Agriculture & Horticulture Development Board (AHDB) chief scientist Professor Ian Crute will tell
delegates at the board’s spring conference this week that the fresh produce industry must value resources as well as innovate to stay ahead.
Crute is due to deliver the keynote address at the event on 18 April at the Institute of Food Science & Technology. He will tell delegates that the challenge to feed a growing world population extends much further than the accepted necessary advances in science and innovation.
Crute believes that the use and management of both water and land hold the key to sustainable productivity. This applies not just to the need to increase food production but also conserving biodiversity, adapting to climate change, preserving valued landscapes, producing renewable energy, providing clean water, reducing GHG emissions and protecting livelihoods.
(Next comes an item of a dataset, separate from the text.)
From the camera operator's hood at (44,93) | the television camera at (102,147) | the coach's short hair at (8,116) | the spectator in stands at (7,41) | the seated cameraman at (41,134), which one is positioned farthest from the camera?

“Producing as efficiently as possible on the smallest footprint of land capable of meeting demand for food is both the greenest and usually the most profitable way to farm,' Crute will say.
The AHDB chief scientist will also use the speech as an opportunity to call for the short-term costs, as well as long-term benefits, of sustainable production to be shared across the entire food chain.
He added: “Reconciling the need for food security with the environmentalconsequences of agriculture poses a challenge that can only be resolved through a shared food chain responsibility, in addition to continuing investment in science and innovation.”